§ **Task to carry out**
Copy exactly the lines of the material below that fall between the line with "古法传承松鼠鱼-庭院江南菜•烤鸭•非遗传承(上地•清河店)" and the line with "Hippophae rhamnoides 'Sandora' (Autofertile)", both of those lines included; pictures stay out.

§ **Information given**

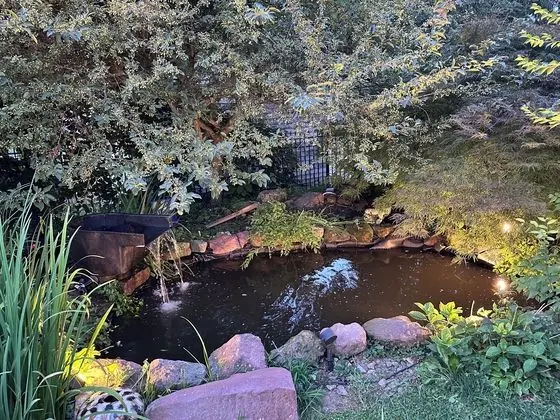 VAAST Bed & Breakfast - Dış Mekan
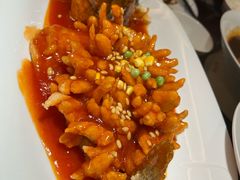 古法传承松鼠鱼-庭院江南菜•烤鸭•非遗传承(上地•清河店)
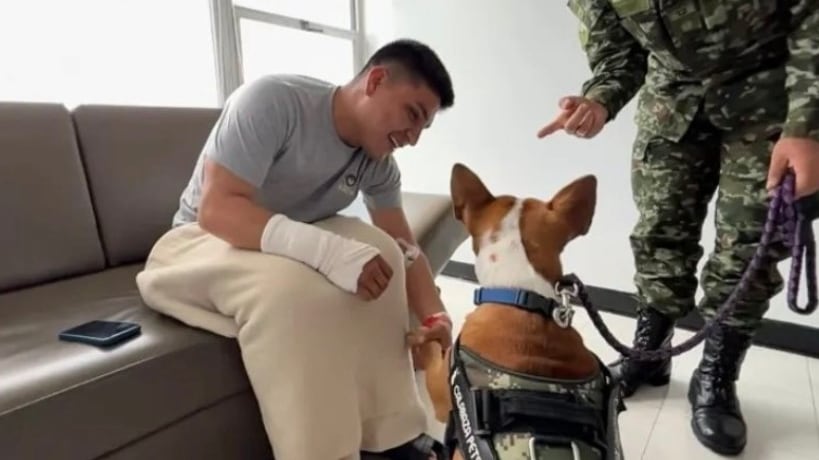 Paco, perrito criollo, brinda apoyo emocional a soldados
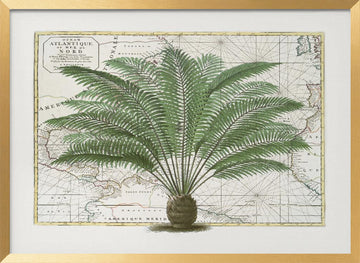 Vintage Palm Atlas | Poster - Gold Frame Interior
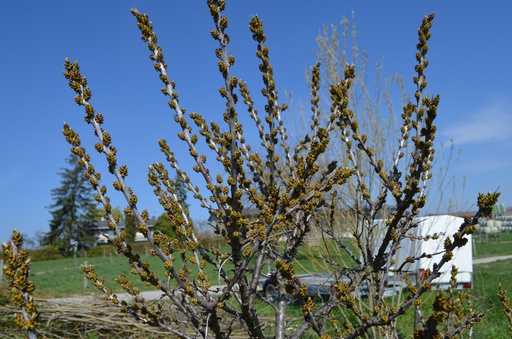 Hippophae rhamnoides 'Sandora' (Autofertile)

==

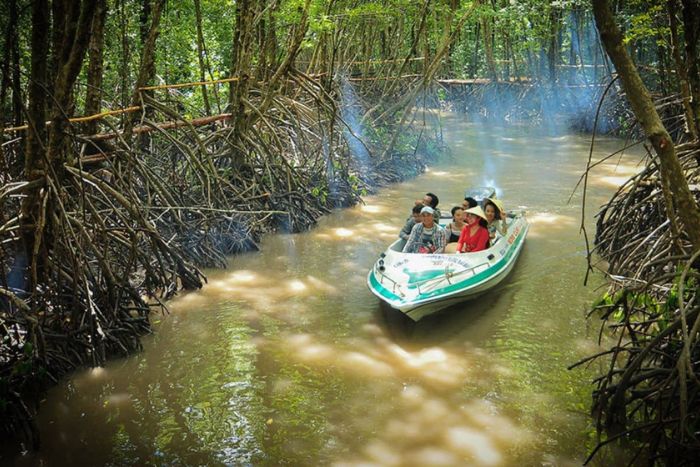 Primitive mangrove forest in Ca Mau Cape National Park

§ **Exercise response**
 古法传承松鼠鱼-庭院江南菜•烤鸭•非遗传承(上地•清河店)
 Paco, perrito criollo, brinda apoyo emocional a soldados
 Vintage Palm Atlas | Poster - Gold Frame Interior
 Hippophae rhamnoides 'Sandora' (Autofertile)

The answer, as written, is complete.